6 May 1998
THE COURT of Appeal gave guidance to judges presiding over criminal trials in which defendants were unrepresented, particularly with regard to cross-examination of witnesses, including complainants in rape trials.
The applications of Milton Anthony Brown for leave to appeal against his conviction of two counts of rape, one count of false imprisonment and two counts of indecent assault, and against a total sentence of 16 years' imprisonment, were refused.
The applicant had decided to dispense with the services of his counsel and solicitors at a very early stage in his trial, and had subjected the two complainants to cross-examination clearly designed to intimidate and humiliate them. The trial judge had said that it was highly regrettable, and a matter of public concern, that as the law stood "an unrepresented defendant in a sexual assault case had a virtually unfettered right personally to question his victim in such needlessly extended and agonising detail for the obvious purpose of intimidation and humiliation".
Sasha Wass (Registrar of Criminal Appeals) for the applicant; Peter Finnigan (Crown Prosecution Service) for the Crown.
Lord Bingham CJ said that where a defendant represented himself in a criminal trial, the deficiencies which existed where he did so in good faith were magnified 100-fold where he was motivated by a desire to obstruct the proceedings or to humiliate, intimidate or abuse anyone taking part in them.
A trial judge's duty was to ensure to the utmost of his ability that a defendant had a fair trial, particularly, perhaps, where he was unrepresented.
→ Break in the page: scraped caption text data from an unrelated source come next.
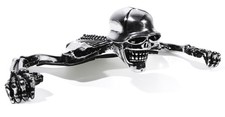 Teschio ornamento teschio
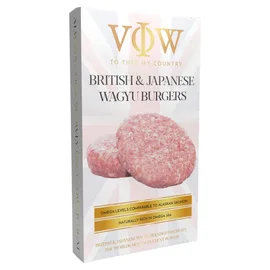 Frozen Burgers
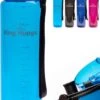 Waterfles 1 Liter Vaatwasserbestendig - Lekvrije 1L Drinkfles - Volwassenen & Kinderen - Sport Bidon Drinkbus - Blauw - King Mungo 2 Waterfles 1 Liter Vaatwasserbestendig - Lekvrije 1L Drinkfles - Volwassenen & Kinderen - Sport Bidon Drinkbus - Blauw - King Mungo -Aigostar winkel 743x1200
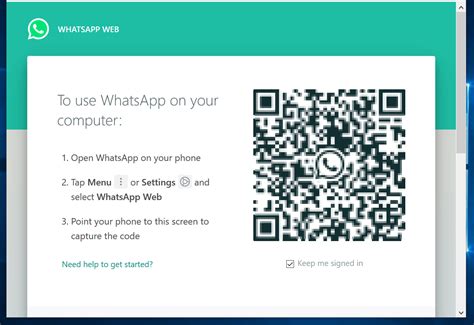 Whatsapp Web Qr Code Scanner If You Are Trying To Link The Web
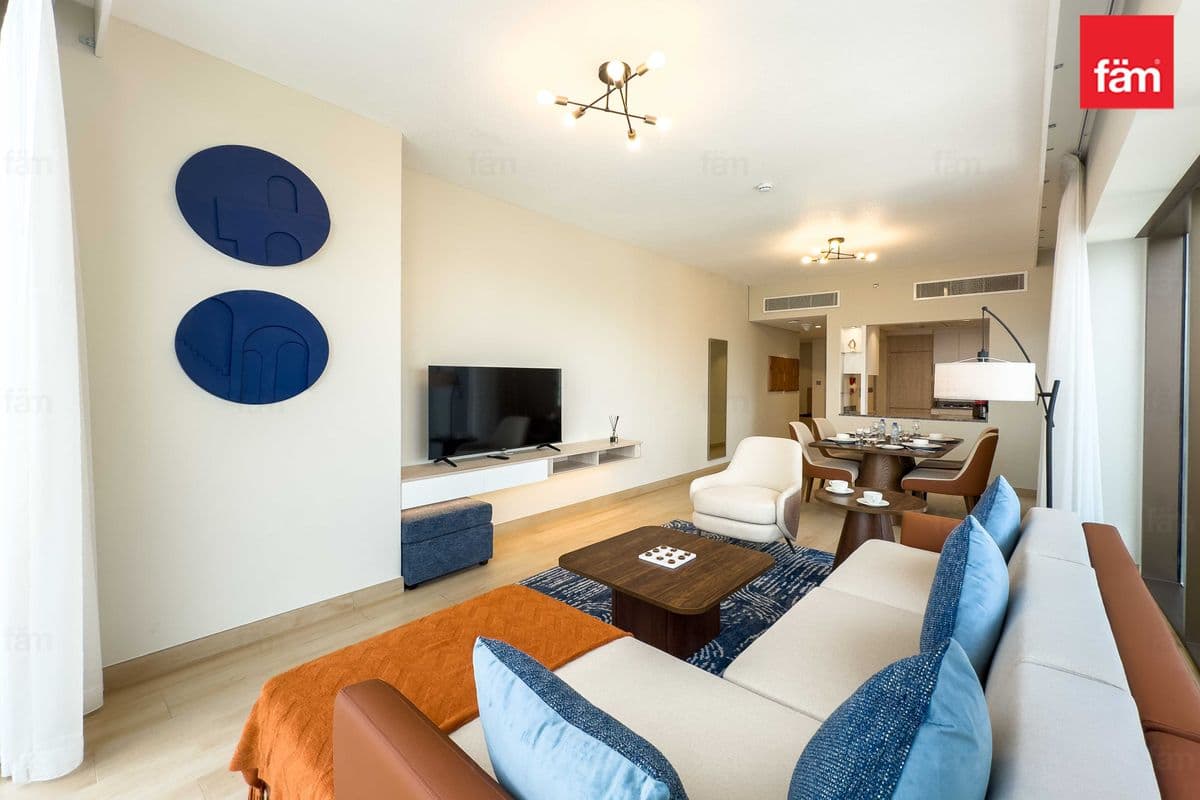 2 bedroom apartment in ONE OF ONE Luxury Residence Collection, photograph 11 of 20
The judge was, however, obliged to have regard not only to the need to ensure a fair trial for the defendant but also to the reasonable interests of other parties to the court process, in particular witnesses, and particularly those who were obliged to relive by describing in the witness box an ordeal to which they said they had been subject. It was the clear duty of the judge to do everything he could, consistently with giving the defendant a fair trial, to minimise the trauma suffered by other participants. Furthermore, a trial was not fair if a defendant, by choosing to represent himself, gained the advantage he would not have had if represented of abusing the rules in relation to relevance and repetition which applied when witnesses were questioned.
A trial judge was not obliged to give an unrepresented defendant his head to ask whatever questions, at whatever length, he wished. It would often be desirable, before any question was asked by the defendant in cross-examination of a complainant in a rape trial, for the trial judge to discuss the course of proceedings with the defendant in the absence of the jury. The judge might then elicit the general nature of the defence and identify the specific points in the complainant's evidence with which the defendant took issue, and any points he wished to put to her. If the defendant proposed to call witnesses in his own defence, the substance of their evidence could be elicited so that the complainant's observations on it might, so far as relevant, be invited.
It would almost always be desirable in the first instance to allow a defendant to put questions to a complainant, but it should be made clear in advance that the defendant would be required, having put a point, to move on, and if he failed to do so the judge should intervene and secure compliance. If the defendant proved unable or unwilling to comply with the judge's instructions the judge should, if necessary to save the complainant from avoidable distress, stop further questioning by the defendant or take over the questioning of the complainant by himself.
If the defendant sought by his dress, bearing, manner or questions to dominate, intimidate or humiliate the complainant, or if it was reasonably apprehended that he would do so, the judge should not hesitate to order the erection of a screen, in addition to controlling the questioning in the way indicated.
If judges intervened to ensure that witnesses were not subjected to inappropriate pressure, they should clearly understand that the Court of Appeal would be very slow indeed, in the absence of clear evidence of injustice, to disturb any resulting conviction.